YOUR OBJECTIVE
In your reply, repeat the full listing exactly and leave each picture out.

DATA SECTION
###

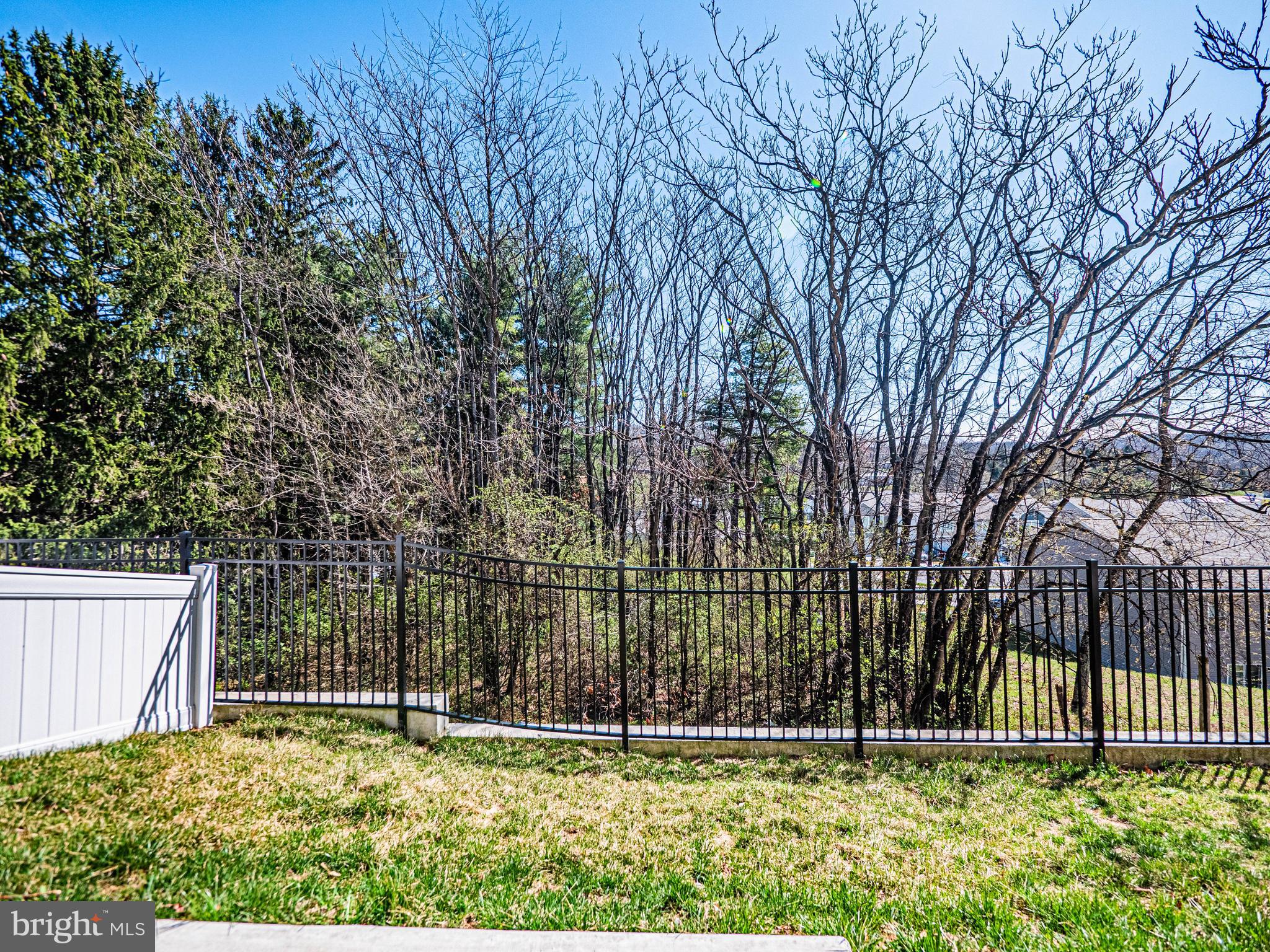 120 Paddington Street Falling Waters, WV 25419 - Photo 8 of 34 a view of backyard with green space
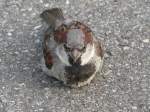 Ein Spatz, 2005  ...  Thomas Wendt 05.03.2010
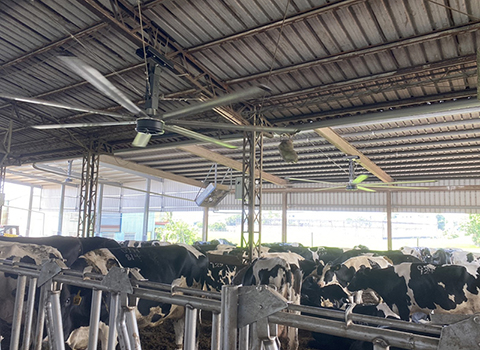 ventilateur hvls ferme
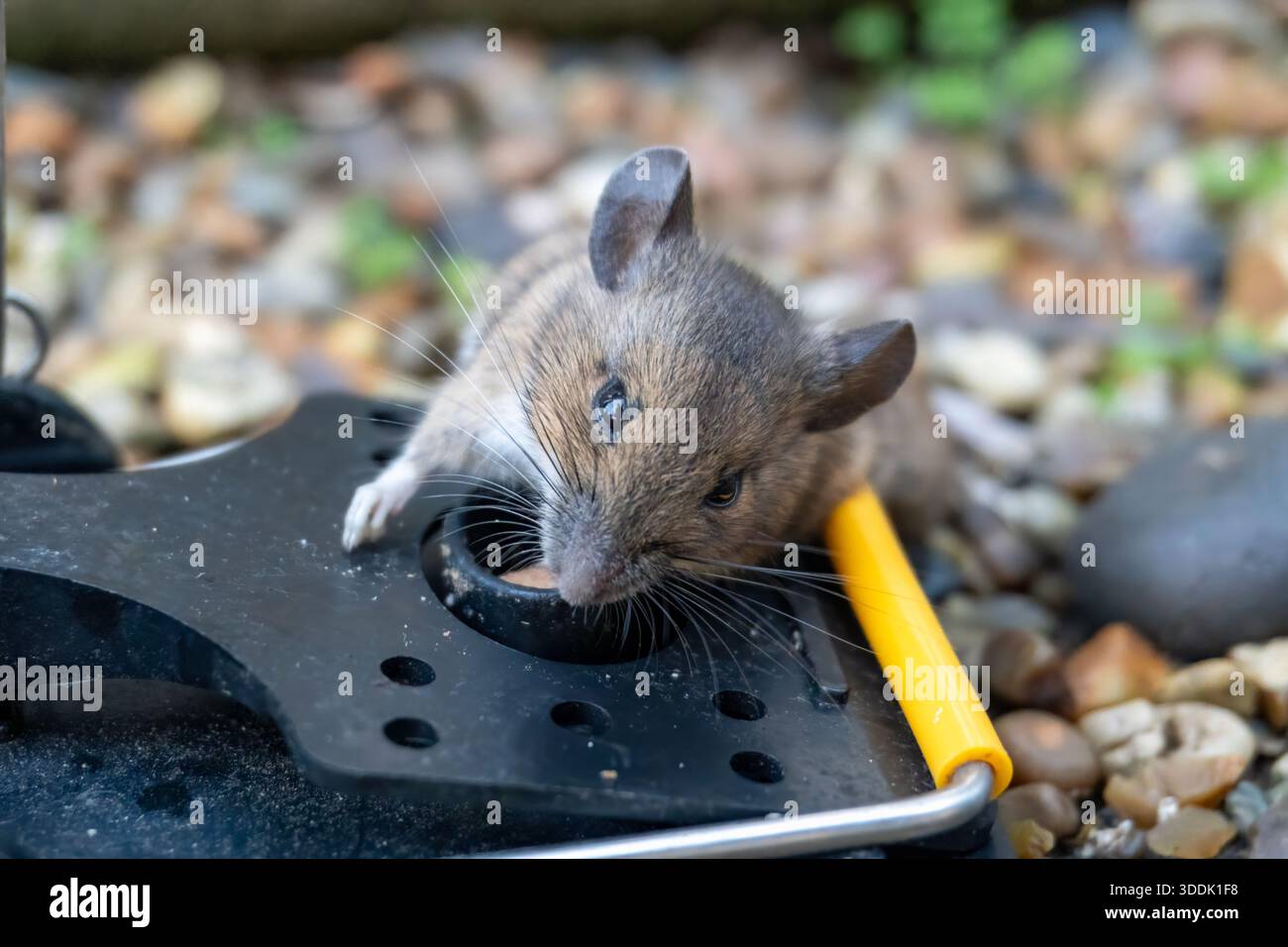 A mouse caught in a sping loaded bartrap mouse trap - Stock Image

###

SOLUTION TO THIS EXERCISE
 120 Paddington Street Falling Waters, WV 25419 - Photo 8 of 34 a view of backyard with green space
 Ein Spatz, 2005  ...  Thomas Wendt 05.03.2010
 ventilateur hvls ferme
 A mouse caught in a sping loaded bartrap mouse trap - Stock Image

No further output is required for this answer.